START ENTRIES SUPPLIED
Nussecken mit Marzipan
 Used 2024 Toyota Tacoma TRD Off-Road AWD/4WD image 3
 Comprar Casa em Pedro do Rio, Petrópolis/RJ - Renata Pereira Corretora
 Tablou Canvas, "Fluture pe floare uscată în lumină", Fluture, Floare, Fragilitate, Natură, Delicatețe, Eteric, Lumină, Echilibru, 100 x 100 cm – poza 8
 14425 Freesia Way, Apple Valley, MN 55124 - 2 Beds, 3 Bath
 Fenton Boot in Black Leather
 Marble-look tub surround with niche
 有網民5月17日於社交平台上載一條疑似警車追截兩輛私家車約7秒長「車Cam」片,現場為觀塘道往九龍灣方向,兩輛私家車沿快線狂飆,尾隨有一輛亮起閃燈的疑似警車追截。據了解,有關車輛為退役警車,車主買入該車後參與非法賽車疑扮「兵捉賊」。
END ENTRIES SUPPLIED
**WORK ITEM:** Transcribe all the entries exactly, as they stand.

**ANSWER BOX:**
Nussecken mit Marzipan
 Used 2024 Toyota Tacoma TRD Off-Road AWD/4WD image 3
 Comprar Casa em Pedro do Rio, Petrópolis/RJ - Renata Pereira Corretora
 Tablou Canvas, "Fluture pe floare uscată în lumină", Fluture, Floare, Fragilitate, Natură, Delicatețe, Eteric, Lumină, Echilibru, 100 x 100 cm – poza 8
 14425 Freesia Way, Apple Valley, MN 55124 - 2 Beds, 3 Bath
 Fenton Boot in Black Leather
 Marble-look tub surround with niche
 有網民5月17日於社交平台上載一條疑似警車追截兩輛私家車約7秒長「車Cam」片,現場為觀塘道往九龍灣方向,兩輛私家車沿快線狂飆,尾隨有一輛亮起閃燈的疑似警車追截。據了解,有關車輛為退役警車,車主買入該車後參與非法賽車疑扮「兵捉賊」。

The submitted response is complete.